NEW YORK — Rep. Anthony Weiner (D-N.Y.) has a captive audience. The only way to escape is to plunge into the choppy waters of New York Harbor.

Weiner has taken his uphill campaign for mayor of New York City to the Staten Island Ferry. It’s the evening rush hour on a late summer Friday. The passengers headed home from Manhattan may not be thinking much about municipal politics, but they’re in a good mood, and Weiner picks up on it.

“So, ladies, what’s new?” he asks with a mischievous smile, plopping himself on a wooden bench across from four women, thrusting campaign fliers in their direction. “Can I write any new laws for you while I’m here?”

One woman complains about high taxes. Weiner becomes animated.

“I’m your guy,” he says. “Do you make less than $150,000?” He proceeds to tell them, in rapid detail, about his plan to cut taxes for all but the wealthiest New Yorkers. Then he moves on to another group of voters, once again offering policy tutorials and wisecracks in equal measure.

The passengers may be going home, but Weiner isn’t. The half-hour ferry ride is just a small part of a grueling day of campaigning that will take him, by day’s end, to all five of the city’s boroughs.

Weiner seems to enjoy every minute. Just as he is known on Capitol Hill for being smart (and some would say a smartass), Weiner on the campaign trail is part wonk and part wag, serving up commentary on everything he sees and does, as it’s happening.

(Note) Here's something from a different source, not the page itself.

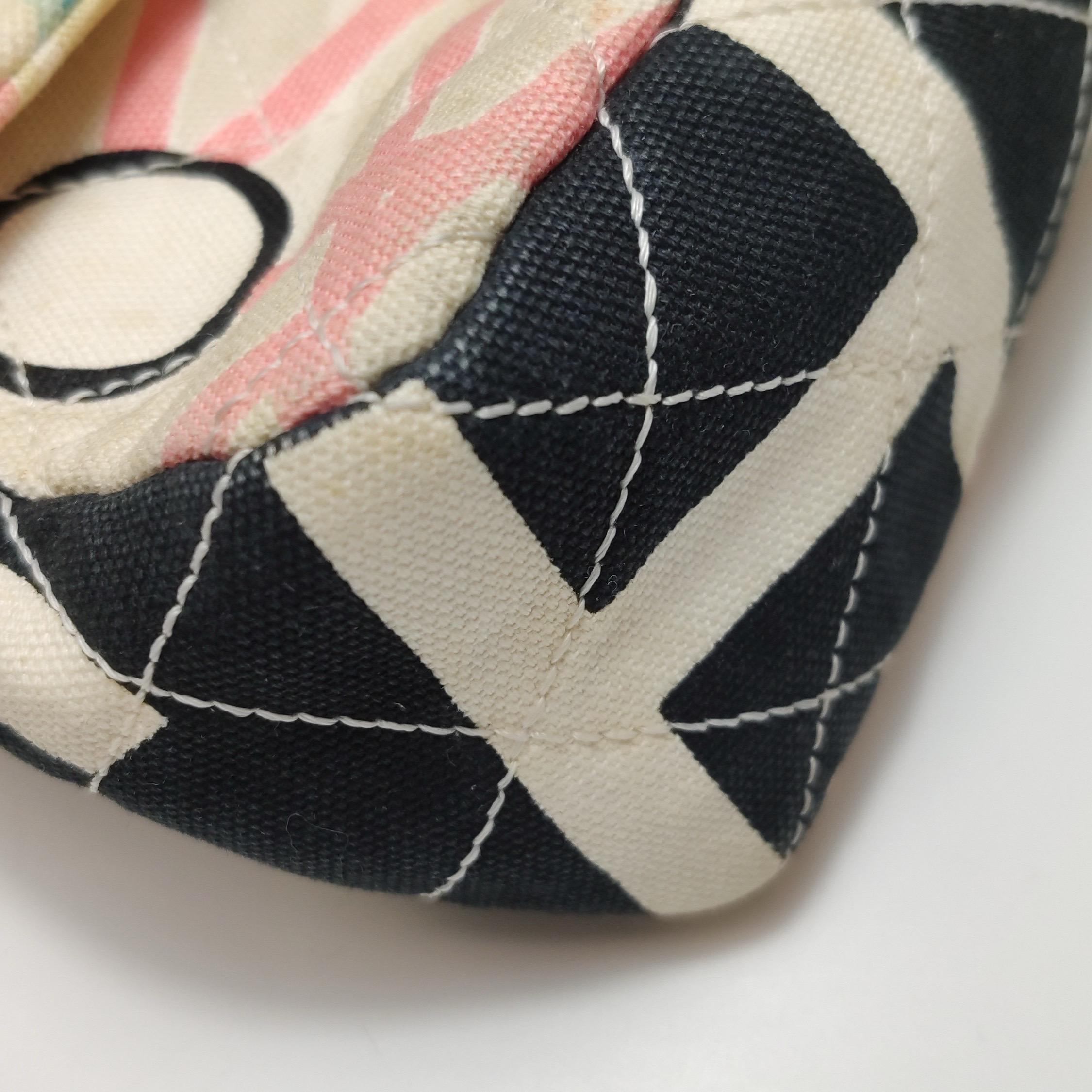 Chanel Baguette Umhängetasche mit Klappe und mehrfarbigem Eiffelturm-Druck aus Stoff im Angebot 10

“The Congressman, who was headed for election, inexplicably saw his campaign sidelined when a 70-year-old woman was torn to shreds by a staple,” he intones like a grave TV anchorman when he notices jagged staples protruding from the literature he is about to hand out. He tucks the fliers in a pocket.

“I’m having a ball,” Weiner says in an interview. “I keep waiting for the morning when I wake up, open up the newspaper and decide I don’t want to do this anymore. But it hasn’t happened yet, so I guess it won’t.”

Show Time

The 41-year-old Congressman has been running for mayor for the better part of a year and a half. But with days to go before the Sept. 13 Democratic primary, many New Yorkers are just waking up to the fact.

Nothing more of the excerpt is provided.